* PROBLEM DESCRIPTION *
In the entries that follow, repeat exactly the lines from the one that has "12 Stylish Ideas" through the one that has "Сумка-шоппер Printio Wild child, 1594534", but omit pictures.
----- EXERCISE DATA -----
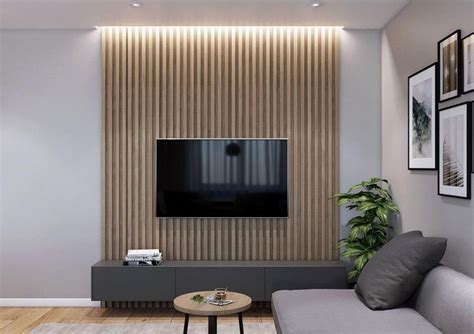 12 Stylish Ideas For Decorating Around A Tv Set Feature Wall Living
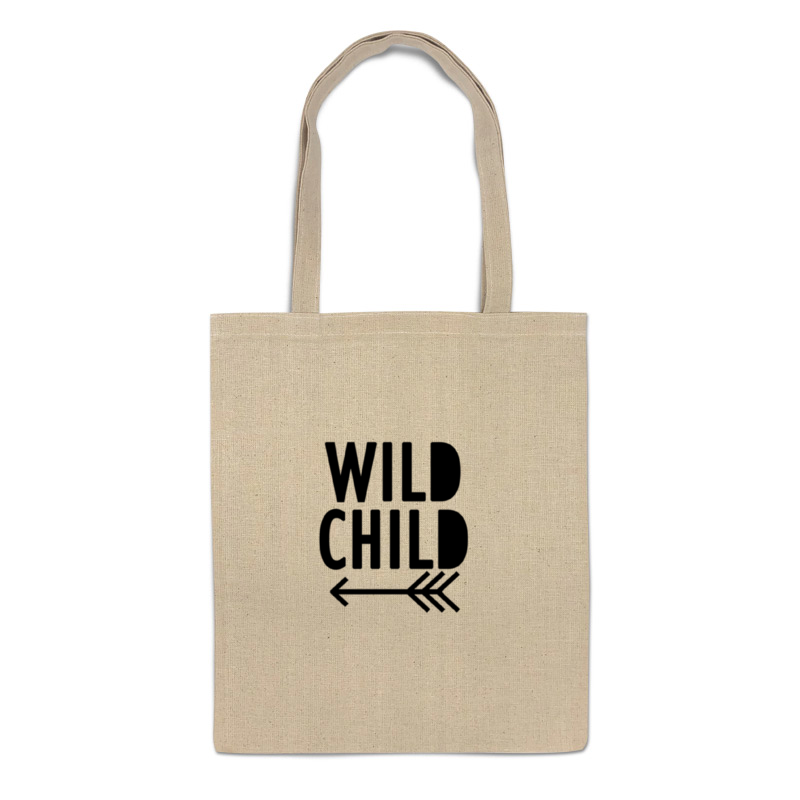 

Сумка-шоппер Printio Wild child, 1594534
-----
----- EXERCISE DATA -----
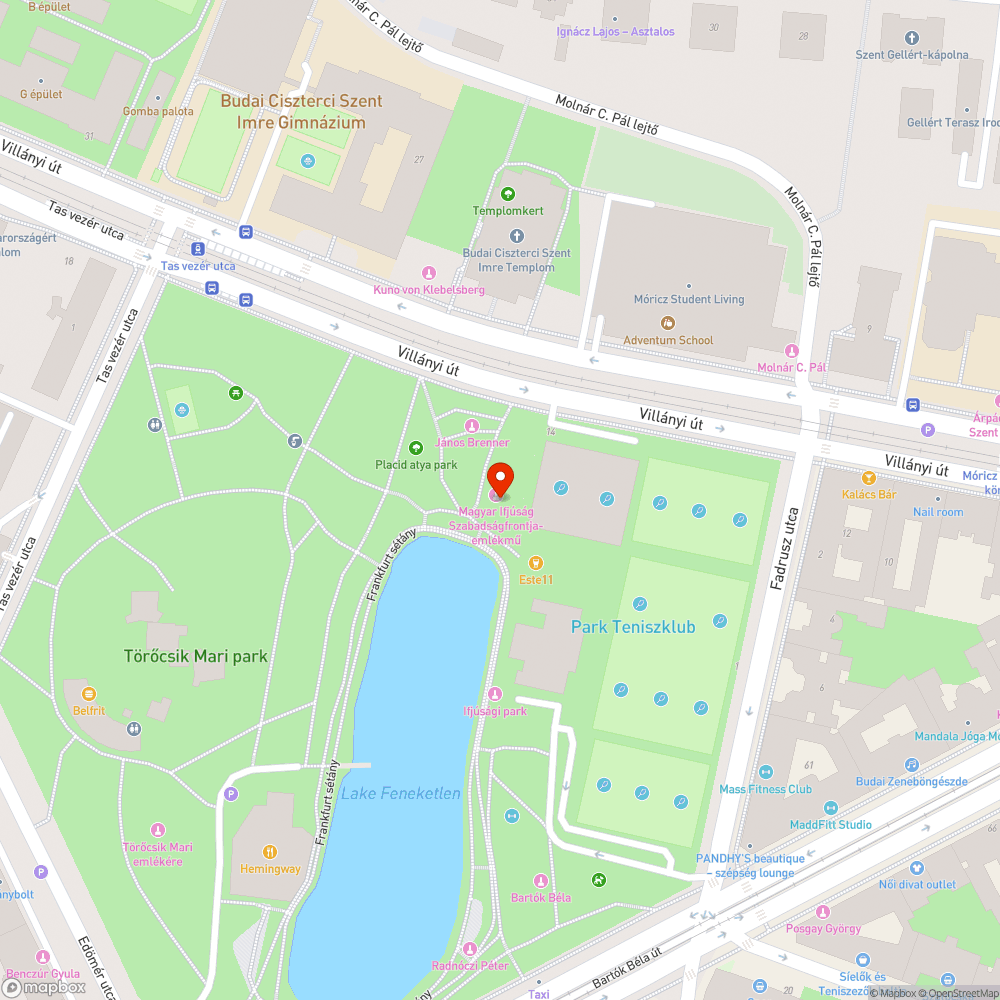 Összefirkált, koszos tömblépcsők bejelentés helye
-----
* ANSWER FOR THIS EXERCISE *
 12 Stylish Ideas For Decorating Around A Tv Set Feature Wall Living

Сумка-шоппер Printio Wild child, 1594534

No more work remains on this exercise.